E penso que quando ficamos focados nesse tipo de possível consequência alguns detalhes passam sem receber nossa devida atenção. O que eu estava dizendo em minhas letras? Não sei. Aquilo que eu fazia tinha muito a ver com o estilo de vida com o qual eu me identificava (o universo do rock), mas bem menos com a expressão de quem eu era, com minhas próprias palavras. Eu me expressava através das melodias, é claro; e também através do jeito que eu escolhia cantar; até o jeito que eu me vestia era uma expressão. Tudo aquilo era muito eu, sem dúvidas. Mas eu não tinha muito do que falar, porque não me investigava, não me propunha a isso. Diria que eu apenas saía vivendo, e o que a vida oferecesse, eu topava. Não fazia muitas escolhas – ao menos fiz algumas, como cantar e fazer parte de uma banda –, e por isso achava que a vida era uma coisa irrefreável, onde nós tínhamos que nos adaptar ao que fosse acontecendo, apenas; praticamente sem nenhum poder de escolha. Você era o que era, e ponto; seu destino já havia sido selado. Faça o melhor com isso. Pode soar darwiniano e prático, mas acho esta não filosofia de vida apenas fatalista, frustrante e péssima. Pensar desta forma – quando, na realidade, você tem muitas escolhas e pode construir sua existência da forma mais adequada (possível) ao seu modo de ver o mundo – é tirar o mínimo da vida. Mas é isso o que acontece quando você nem sabe direito quem é. Eu não sabia qual era a minha forma de ver o mundo. E por isso não tinha muito a dizer.

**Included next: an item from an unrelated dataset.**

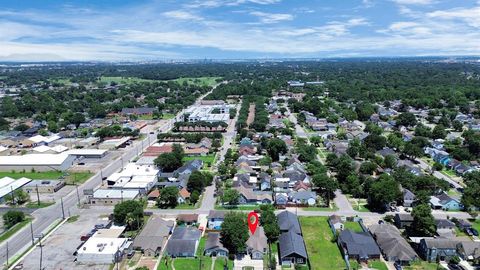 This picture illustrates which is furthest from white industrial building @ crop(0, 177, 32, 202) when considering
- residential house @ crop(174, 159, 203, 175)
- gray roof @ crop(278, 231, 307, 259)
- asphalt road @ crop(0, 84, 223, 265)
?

Só quando fui me divertindo com o meu universo e gostando de utilizar as coisas que tinham a ver comigo é que fui tendo sobre o que escrever. Só quando, nessa tal fase densa, fui praticando mais a escrita, fui tocando vez ou outra o violão e experimentando nele, só quando fui reunindo as frases soltas em diversos lugares e tentando uni-las a melodias guardadas ou novas, só quando fui perdendo a vergonha de mim mesma e fui fazendo uns troços ruinzinhos e melhorando-os aos poucos (é assim que acontece, né?), só quando fui deixando reverberar em textos as conversas que eu trocava com as pessoas de meu convívio é que fui achando que, talvez, eu tivesse do que falar. Fui começando a saber quais eram as minhas questões. E começaram a surgir outras, como sempre surgirão, mas eu já estava bem mais atenta aos sinais e atenta ao que eu sentia.
E hoje mais detalhes me chamam a atenção. Cada vez mais as coisas que vejo me trazem a necessidade de escrever e me expressar. E cada vez mais as coisas que vivo se transformam em algo, porque cada vez mais eu preciso transformá-las.
E aos poucos vou entendendo do que é que eu quero falar.